To calculate the molar concentration of sodium hydroxide solution, we need to use the concept of stoichiometry and the balanced equation of the reaction between sodium hydroxide (NaOH) and hydrochloric acid (HCl):

NaOH + HCl -> NaCl + H2O

Given:
- Volume of sodium hydroxide solution (V1) = 36.00 mL
- Volume of hydrochloric acid solution (V2) = 25.00 mL
- Molar concentration of hydrochloric acid (C2) = 0.2000 M

First, we need to determine the number of moles of hydrochloric acid used in the reaction. This can be calculated using the formula:

moles of solute = molar concentration × volume (in liters)

So, moles of HCl (n2) = C2 × V2

n2 = 0.2000 M × (25.00 mL / 1000 mL/ L)
= 0.00500 mol

According to the balanced equation, the mole ratio between hydrochloric acid and sodium hydroxide is 1:1. This means that the number of moles of sodium hydroxide used in the reaction is also 0.00500 mol.

Now, we can calculate the molar concentration of sodium hydroxide (C1).

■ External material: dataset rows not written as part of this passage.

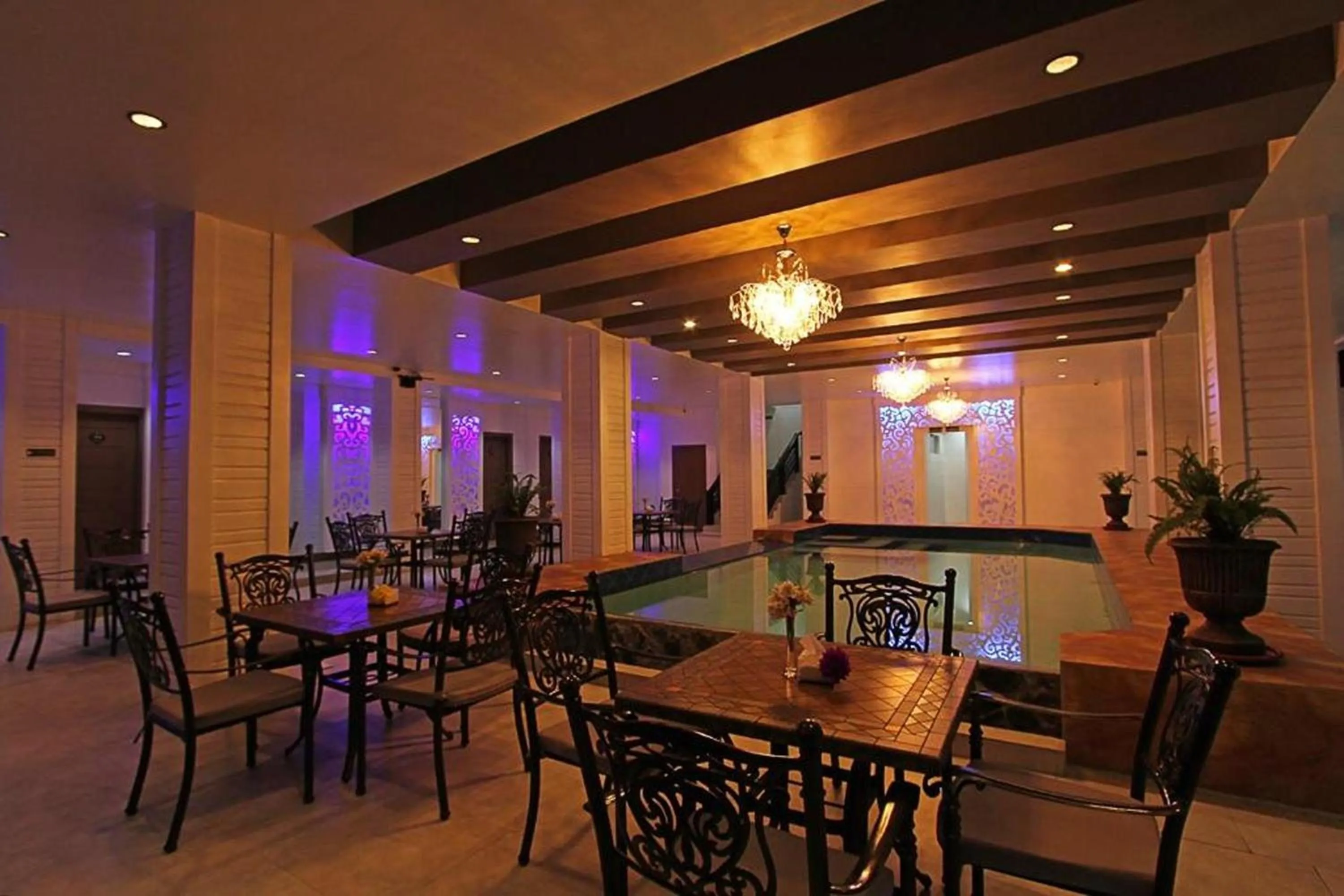 Restaurant/places to eat in Bergamo Hotel Lingayen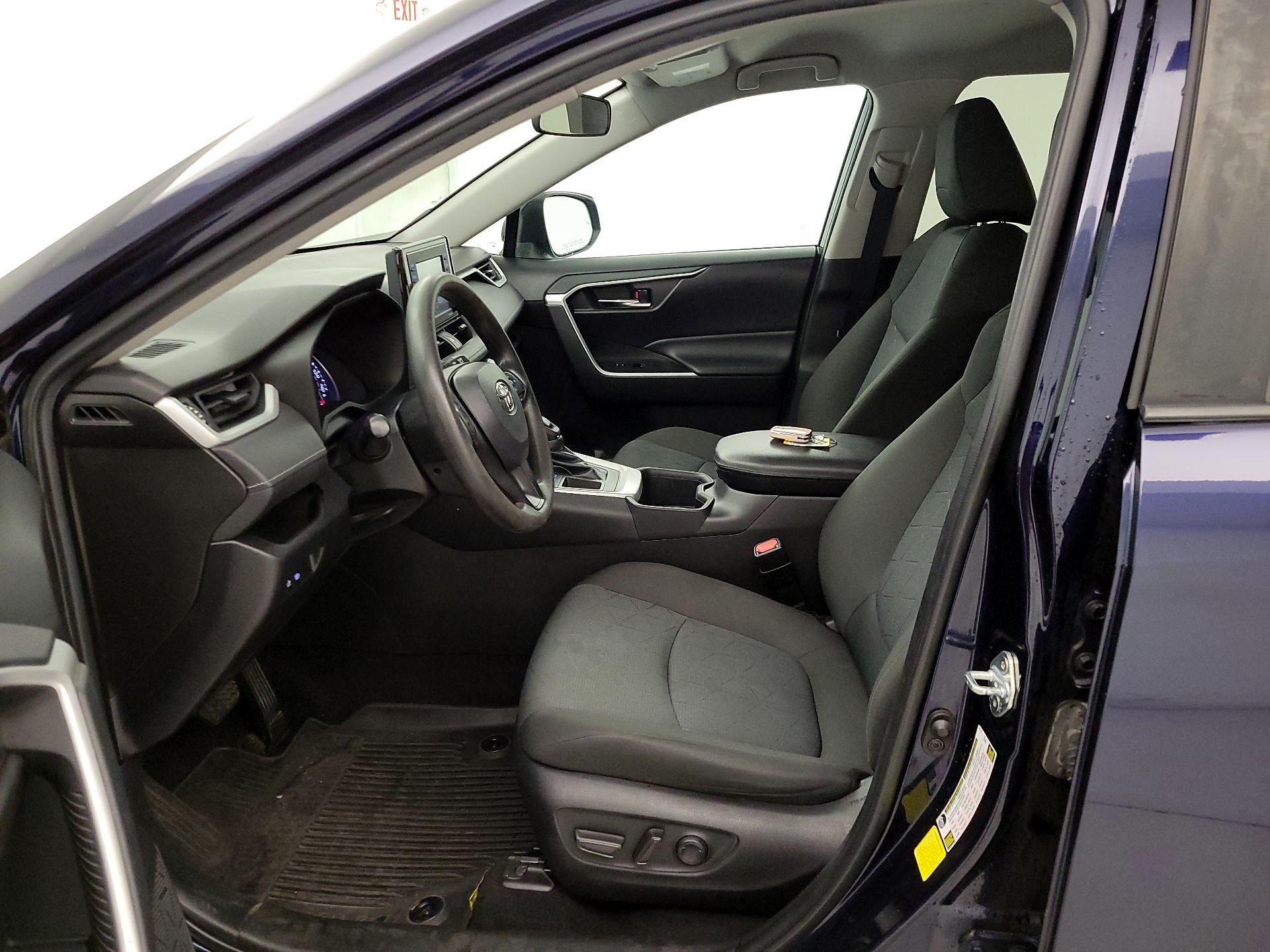 Thumbnail: 2022 Toyota RAV4 - 11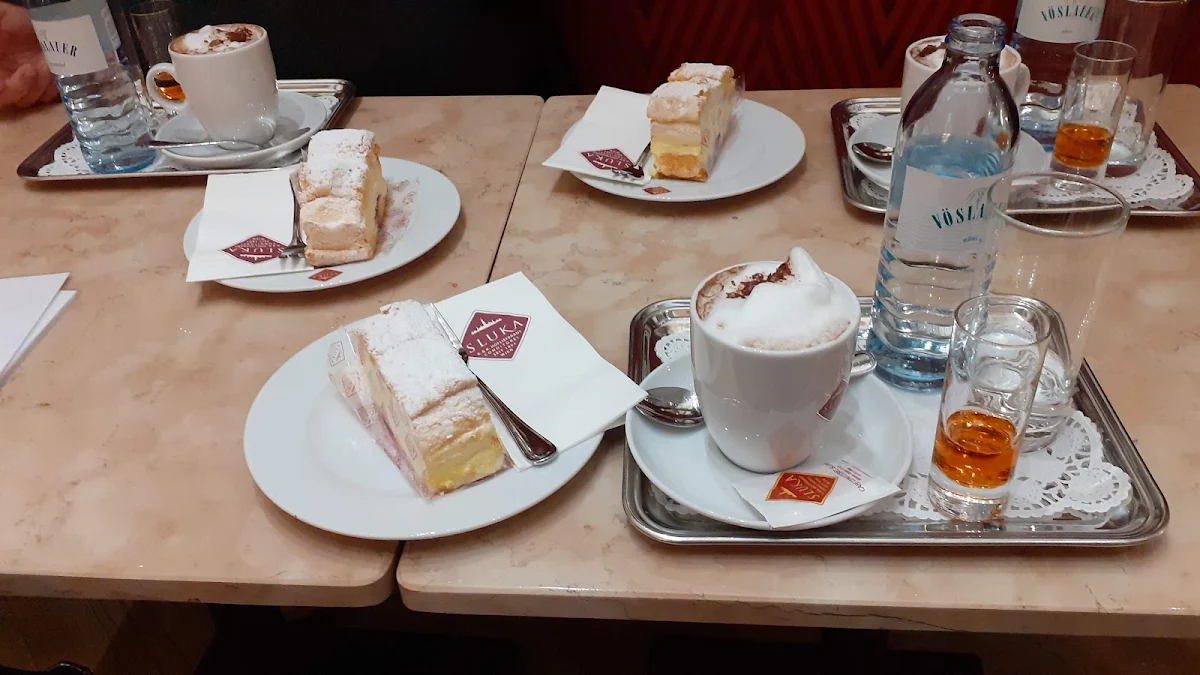 Cafea Cu Rom Tort Cardinal
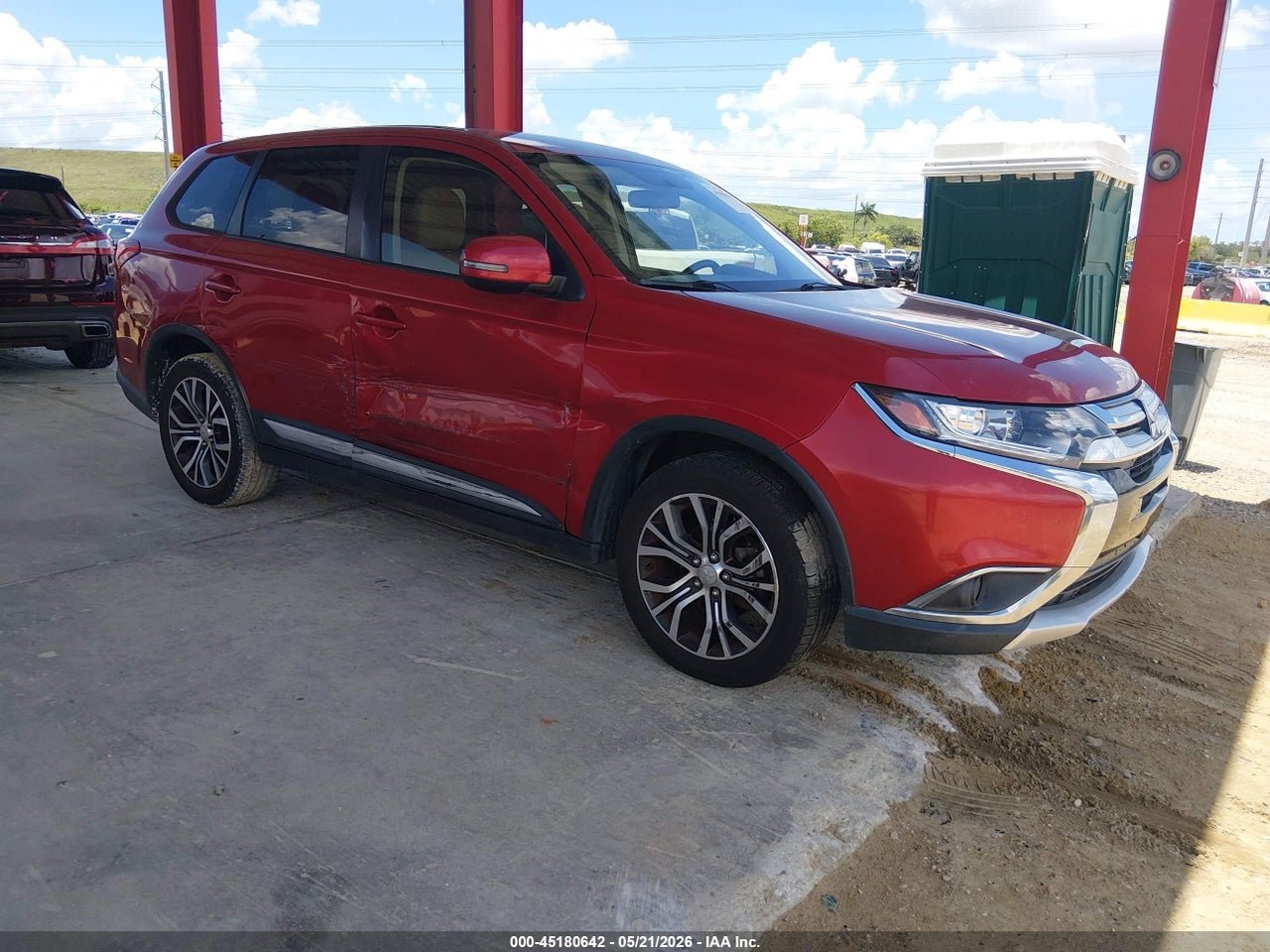 JA4AD3A37JZ****** · 2018 MITSUBISHI OUTLANDER SE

The formula for molar concentration is:

molar concentration = moles of solute / volume (in liters)

So, C1 = n1 / V1

C1 = 0.00500 mol / (36.00 mL / 1000 mL/L)
= 0.1389 M or 0.139 M (rounded to three significant figures)

Therefore, the correct molar concentration of the sodium hydroxide solution is 0.139 M, not 0.0288 M.